Kay v. Metro. St. Ry. Co.

Decision Date19 June 1900
Citation163 N.Y. 447,57 N.E. 751
PartiesKAY v. METROPOLITAN ST. RY. CO.
CourtNew York Court of Appeals Court of Appeals

OPINION TEXT STARTS HERE

Appeal from supreme Court, appellate division, First department.

Action by Catherine Kay against the Metropolitan Street-Railway Company. From a judgment in favor of plaintiff, affirmed by appellate division (62 N. Y. Supp. 1139), defendant appeals. Reversed.

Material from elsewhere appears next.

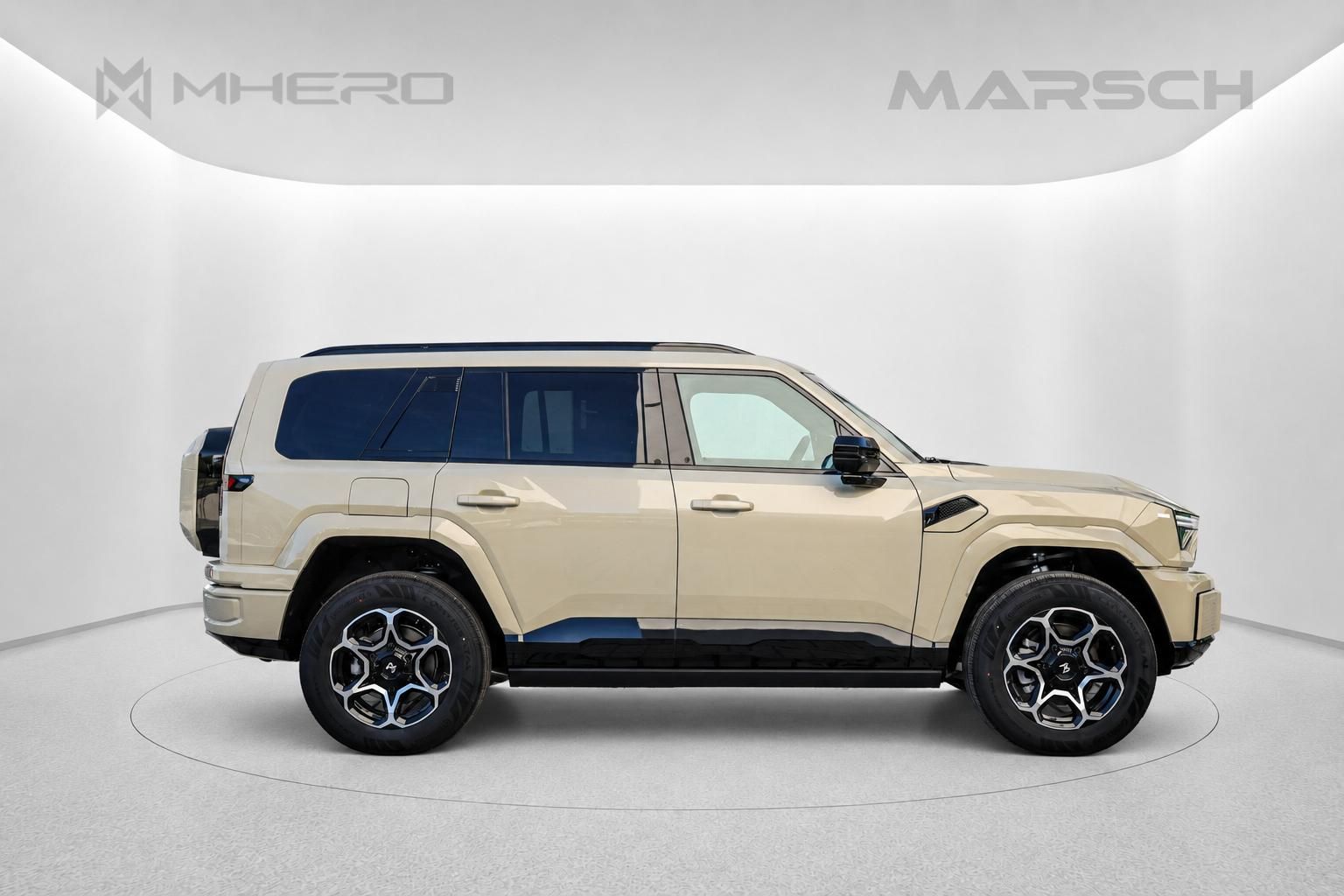 Dongfeng, M-HERO 817 II E1+a - fotka 3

Charles F. Brown, for appellant.

George H. Hart, for respondent.

O'BRIEN, J.

On the 29th of January, 1895, the plaintiff was a passenger on the defendant's road, and was injured in a collision. The questions presented by this appeal arise entirely upon exceptions taken by the defendant during the course of the trial. It appeared that a heavy snowstorm had set in early in the evening of the accident, and about four inches of snow had already fallen. While the car in which the plaintiff was a passenger was going down a steep incline, it got beyond the control of the driver, although the brakes were set, and the wheels prevented from revolving, and it slid down the hill, and collided with another car, in which collision the plaintiff was injured.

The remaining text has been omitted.